Step 1 — Requirements
Functional: PUT(bucket, key, object), GET(bucket, key), DELETE, LIST by
prefix; objects from bytes to terabytes; buckets as namespaces; versioning;
access control.
Non-functional: extreme durability (never lose an object), high availability, strong-ish read-after-write consistency for new objects, massive scale (exabytes, trillions of objects), and high throughput.
Step 2 — The model: a flat key→object map
Object storage is not a filesystem — it’s a giant flat key-value map. “Folders”
are just key prefixes (photos/2024/cat.jpg). This flatness is what lets it scale
horizontally without a directory tree to lock and rebalance. LIST is a prefix scan
over the key index.
Step 3 — Separate the data plane from the metadata plane
- Metadata service — maps
(bucket, key)→ where the object’s data lives (which storage nodes, version, size, checksum, ACL). Sharded (by bucket/key hash), heavily indexed forLIST. - Data plane (storage nodes) — store the actual object bytes on disks across many machines, racks, and availability zones.
client → API/LB → metadata service (locate) → storage nodes (object bytes)
Large objects are split into parts/blocks spread across nodes (and uploaded via multipart upload for parallel, resumable transfer).
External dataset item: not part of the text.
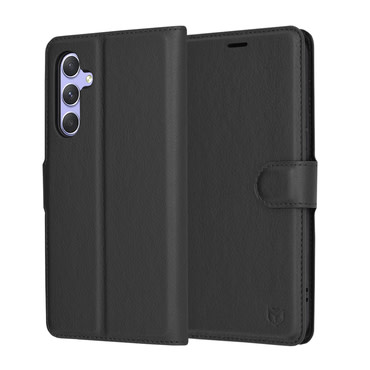 Nyitható tok Techsuit "Leather Folio" Samsung Galaxy A54 5G készülékekhez - fekete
Step 4 — Durability: replication vs erasure coding
This is the heart of object storage. To never lose data despite constant disk failures:
- Replication (e.g. 3 copies across AZs) — simple, fast recovery, but 3× storage cost.
- Erasure coding — split an object into k data + m parity fragments (e.g. Reed-Solomon 10+4); any k of the (k+m) fragments reconstruct it. Survives m failures with only (k+m)/k overhead (1.4× vs 3×) — far cheaper for the same or better durability. The standard for cold/large data.
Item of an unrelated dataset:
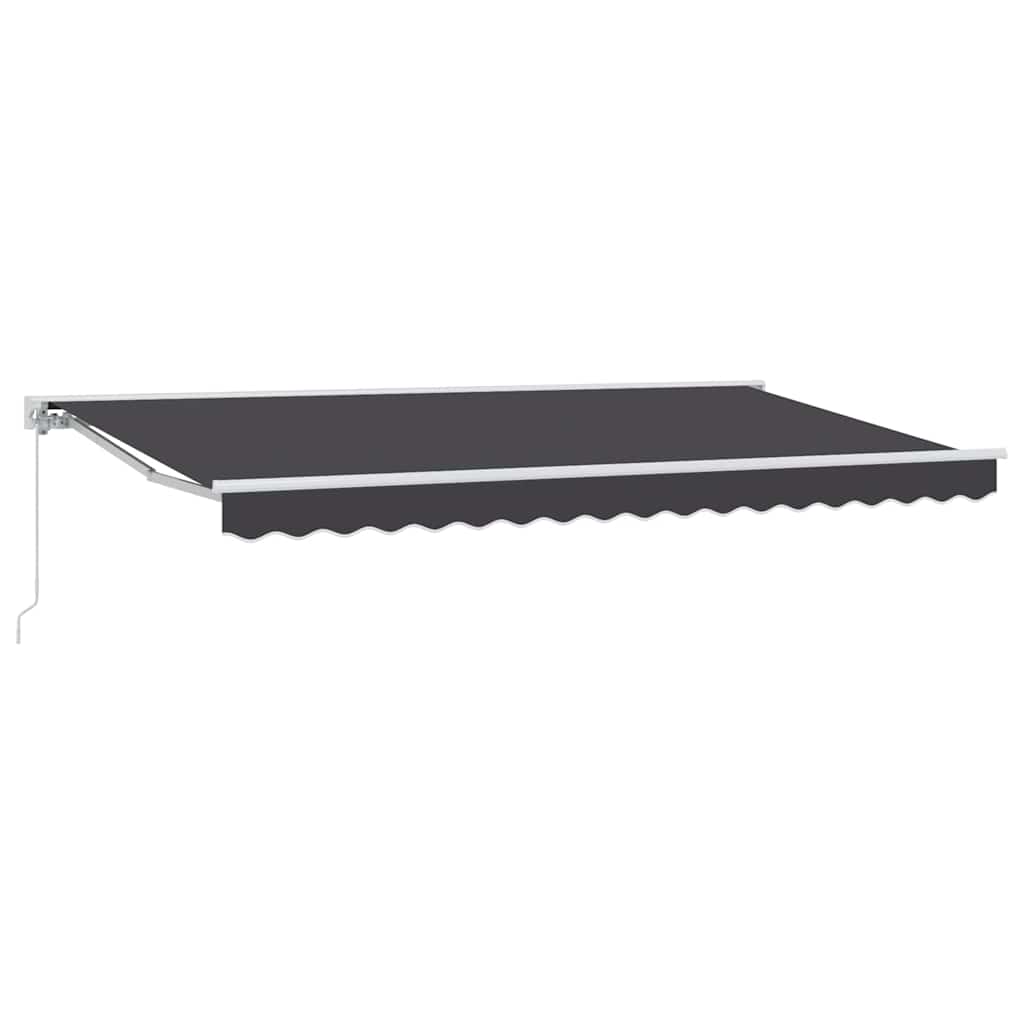 Vidaxl inklapbaar zonnescherm antraciet 350 x 200 cm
Spread fragments across failure domains (disks, racks, AZs) so correlated failures can’t take out enough fragments. Background scrubbing (checksums/Merkle, Chapter 2) detects bit rot and rebuilds lost fragments.
Step 5 — Consistency
Modern S3 offers strong read-after-write for new objects (a GET right after a PUT returns it). Achieve it by committing the metadata pointer after the data is durably written, so the object is visible only once stored. Overwrites/deletes can be versioned to avoid in-place mutation hazards.
Step 6 — Extras
- Versioning — keep old versions (new version = new object, metadata points to latest).
- Lifecycle/tiering — move cold objects to cheaper storage (infrequent-access, archive/Glacier) automatically.
- Access — bucket policies/ACLs; pre-signed URLs for temporary direct access (reuse from Pastebin); a CDN in front for hot public objects.
Trade-offs to raise
- Replication (simple, 3×) vs erasure coding (cheap, complex recovery, higher latency to reconstruct).
- Strong consistency vs latency — commit-after-durable adds a touch of latency.
- Flat namespace scales but offers no real directories/transactions across keys.
The interview cue
“A flat key→object map; metadata plane locates objects, storage nodes hold bytes across AZs; durability via erasure coding (k+m fragments across failure domains) plus scrubbing to rebuild lost fragments; multipart upload for large objects; strong read-after-write by committing metadata after durable write; pre-signed URLs and a CDN for access.” Durability (erasure coding) + the data/metadata split is exactly what this problem is testing.